# to Wordreference (verb)



## Encolpius

Good morning ladies & gentlemen, I think, in some language it is easy to coin a verb from any noun,  so I am curious how would you coin a verb from this forum/website we are using right now. The meaning & some interesting comments about the verb are here. 
So can you coin a verb from "Wordreference" easily? And what would it be? And how about a sentence like this: 
to Wordreference - She has been Wordreferencing all night again. 

*Hungarian*: wordreferencezik [kiejtés: vördreferencezik] - Megint egész éjjel wordreferencezett. 

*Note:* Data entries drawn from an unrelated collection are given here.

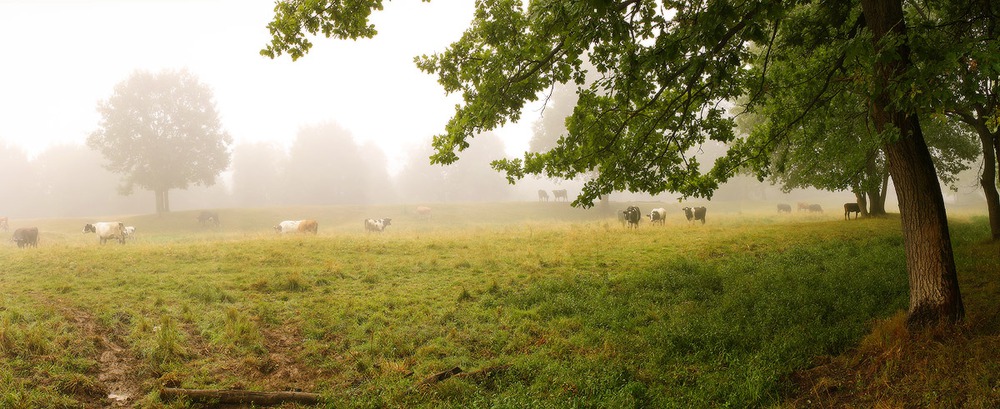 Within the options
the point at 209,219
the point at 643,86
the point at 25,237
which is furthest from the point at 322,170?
the point at 643,86

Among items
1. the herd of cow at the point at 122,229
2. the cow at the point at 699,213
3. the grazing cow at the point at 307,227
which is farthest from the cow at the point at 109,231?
the cow at the point at 699,213

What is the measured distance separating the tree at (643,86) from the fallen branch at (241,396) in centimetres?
417

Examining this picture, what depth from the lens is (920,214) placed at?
6.50 meters

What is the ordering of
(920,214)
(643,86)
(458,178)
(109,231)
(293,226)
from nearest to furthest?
(920,214) → (643,86) → (109,231) → (293,226) → (458,178)

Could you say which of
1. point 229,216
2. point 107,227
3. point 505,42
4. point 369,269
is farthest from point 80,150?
point 505,42

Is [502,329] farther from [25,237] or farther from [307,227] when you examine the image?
[25,237]

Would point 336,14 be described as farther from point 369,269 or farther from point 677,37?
point 369,269

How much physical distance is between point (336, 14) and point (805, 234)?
16.7 m

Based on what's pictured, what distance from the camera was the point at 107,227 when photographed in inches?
907

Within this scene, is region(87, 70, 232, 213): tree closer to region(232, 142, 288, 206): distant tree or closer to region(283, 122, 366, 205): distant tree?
region(283, 122, 366, 205): distant tree

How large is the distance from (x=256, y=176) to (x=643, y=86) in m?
78.1

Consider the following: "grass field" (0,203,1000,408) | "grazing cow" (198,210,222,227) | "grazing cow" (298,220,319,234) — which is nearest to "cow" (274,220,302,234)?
"grazing cow" (298,220,319,234)

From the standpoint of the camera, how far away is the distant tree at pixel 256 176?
72.3 meters

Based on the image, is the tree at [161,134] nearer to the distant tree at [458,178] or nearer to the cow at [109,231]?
the cow at [109,231]
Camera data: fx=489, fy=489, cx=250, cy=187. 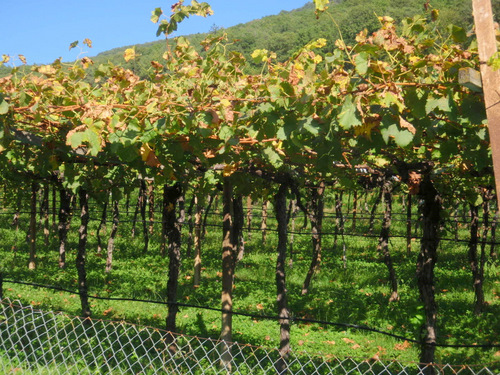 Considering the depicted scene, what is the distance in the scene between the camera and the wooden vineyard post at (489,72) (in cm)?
234

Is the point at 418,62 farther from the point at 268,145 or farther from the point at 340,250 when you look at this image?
the point at 340,250

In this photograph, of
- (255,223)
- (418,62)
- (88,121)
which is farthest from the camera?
(255,223)

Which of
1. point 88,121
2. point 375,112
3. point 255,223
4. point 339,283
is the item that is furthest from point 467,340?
point 255,223

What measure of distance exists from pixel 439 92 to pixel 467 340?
254 inches

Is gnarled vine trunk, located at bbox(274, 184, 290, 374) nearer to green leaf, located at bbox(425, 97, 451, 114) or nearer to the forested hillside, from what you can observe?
Result: green leaf, located at bbox(425, 97, 451, 114)

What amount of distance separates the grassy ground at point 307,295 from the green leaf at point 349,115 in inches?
135

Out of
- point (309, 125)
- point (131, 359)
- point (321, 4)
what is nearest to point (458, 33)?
point (321, 4)

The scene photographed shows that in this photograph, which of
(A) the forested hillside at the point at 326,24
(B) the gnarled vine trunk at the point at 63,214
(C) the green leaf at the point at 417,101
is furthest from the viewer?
(A) the forested hillside at the point at 326,24

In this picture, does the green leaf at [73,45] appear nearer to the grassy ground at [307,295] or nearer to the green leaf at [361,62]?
the green leaf at [361,62]

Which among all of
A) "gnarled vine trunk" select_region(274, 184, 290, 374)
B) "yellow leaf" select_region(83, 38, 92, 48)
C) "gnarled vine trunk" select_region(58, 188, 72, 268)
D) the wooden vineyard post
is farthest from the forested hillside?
the wooden vineyard post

Thanks for your kind cooperation and I wish you a happy and sunny weekend. 
Encolpius


----------



## jazyk

In Portuguese we could form wordreferenciar, with the - ar suffix indicating the infinitive. It would be a first conjugation verb: eu wordreferencio, nós wordreferenciamos, se eu wordreferenciasse, para vós wordereferenciardes, etc., but I doubt anybody would use it.


----------



## Encolpius

jazyk said:


> ...but I doubt anybody would use it.



Oh, you have used it.


----------



## jazyk

No, I showed what it would be like. That monster would never cross my lips.


----------



## Encolpius

Why do you think  wordreferenciar  is a monster?


----------



## jazyk

Because it is too long, it becomes even longer when it is conjugated, and nobody would feel the need for such a verb.


----------



## Circunflejo

In Spanish, the verb would be similar to that in Portuguese: wordreferencear.


----------



## merquiades

Circunflejo said:


> In Spanish, the verb would be similar to that in Portuguese: wordreferencear.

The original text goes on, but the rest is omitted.